Orange wine is one that comes to mind. I recently discovered its existence on a trip to New York. Although, after scouring the city for a store or restaurant that carries it, I came up empty. Since returning, I have found that it is available at City Winery and Momofuku.
The process is one of the most ancient methods of wine making, dating back 5000 years. It gets its name from the orange tinge that a white wine acquires from its extended contact with the grape skins. The wine has a cloudy appearance and the profile is autumnal, ranging from licorice, honey, floral, cinnamon, cider to even reminiscent of a red wine. It’s produced inSlovenia, Croatia, France, Germany, New Zealand, California and Italy.
I’ve never tried abalone and would like to work with it. I understand it’s pretty tough and needs to be tenderized like some meats.

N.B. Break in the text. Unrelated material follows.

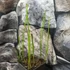 Kép 4/7 - Equisetum fluviatile - iszapzsurló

I’m working on a project testing recipes using vegetables in dessert preparations. I am a bit obsessed with beets at the moment. I’ve been using them in everything from cakes to mousses. They are a perfect dessert ingredient with their inherent sweetness.

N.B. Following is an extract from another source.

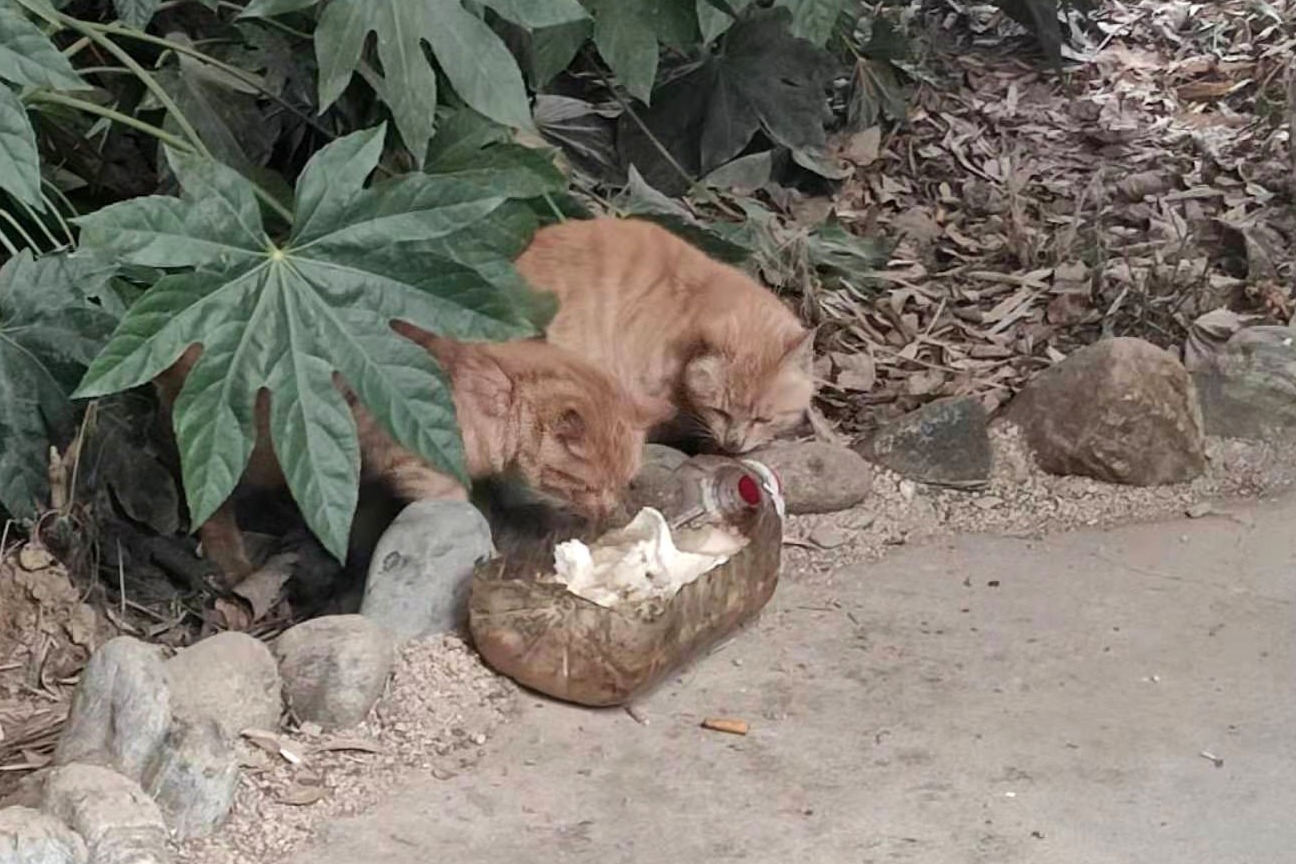 流浪猫吃什么食物最好【流浪猫吃什么食物】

Thank you Owen for answering my Five Questions. I appreciate your efforts! wb
Warren Bobrow is a mixologist, chef, and writer known as the Cocktail Whisperer. In 2010, Bobrow founded “Wild Table” for Wild River Review and serves as the master mixologist for several brands of liquor, including the Busted Barrel rum produced by New Jersey’s first licensed distillery since Prohibition.
Bobrow has published three books on mixology and written articles for Saveur magazine, Voda magazine, Whole Foods-Dark Rye, Distiller, Beverage Media, DrinkupNY and other periodicals. He writes the “On Whiskey” column for Okra Magazine at the Southern Food and Beverage Museum and has written restaurant reviews for New Jersey Monthly.
His first book Apothecary Cocktails, was published in September 2013; and immediately went into a second printing. In 2014, he published Whiskey Cocktails. He was born and raised in Morristown, NJ, on a Biodynamic farm.